### TASK GOAL
Write out the material below exactly, beginning at the line that contains "Gebruikt 2008 Ford" and ending with its last line, both ends included; write nothing else.

========================================

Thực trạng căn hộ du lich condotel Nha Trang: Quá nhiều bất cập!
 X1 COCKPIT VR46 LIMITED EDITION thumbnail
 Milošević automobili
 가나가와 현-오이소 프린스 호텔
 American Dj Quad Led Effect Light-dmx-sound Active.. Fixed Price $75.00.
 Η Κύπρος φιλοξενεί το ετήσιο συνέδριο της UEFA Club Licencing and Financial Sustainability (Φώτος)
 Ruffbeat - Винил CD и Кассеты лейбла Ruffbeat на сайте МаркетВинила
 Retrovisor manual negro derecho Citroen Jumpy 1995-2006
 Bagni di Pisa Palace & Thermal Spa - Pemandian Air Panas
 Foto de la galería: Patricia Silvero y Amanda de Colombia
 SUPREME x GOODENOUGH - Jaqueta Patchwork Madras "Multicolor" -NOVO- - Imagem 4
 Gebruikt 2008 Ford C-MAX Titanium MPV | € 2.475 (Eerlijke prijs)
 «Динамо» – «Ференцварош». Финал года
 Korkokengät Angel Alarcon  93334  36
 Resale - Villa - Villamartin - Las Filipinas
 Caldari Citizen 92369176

========================================

### OUTPUT FOR THIS TASK
 Gebruikt 2008 Ford C-MAX Titanium MPV | € 2.475 (Eerlijke prijs)
 «Динамо» – «Ференцварош». Финал года
 Korkokengät Angel Alarcon  93334  36
 Resale - Villa - Villamartin - Las Filipinas
 Caldari Citizen 92369176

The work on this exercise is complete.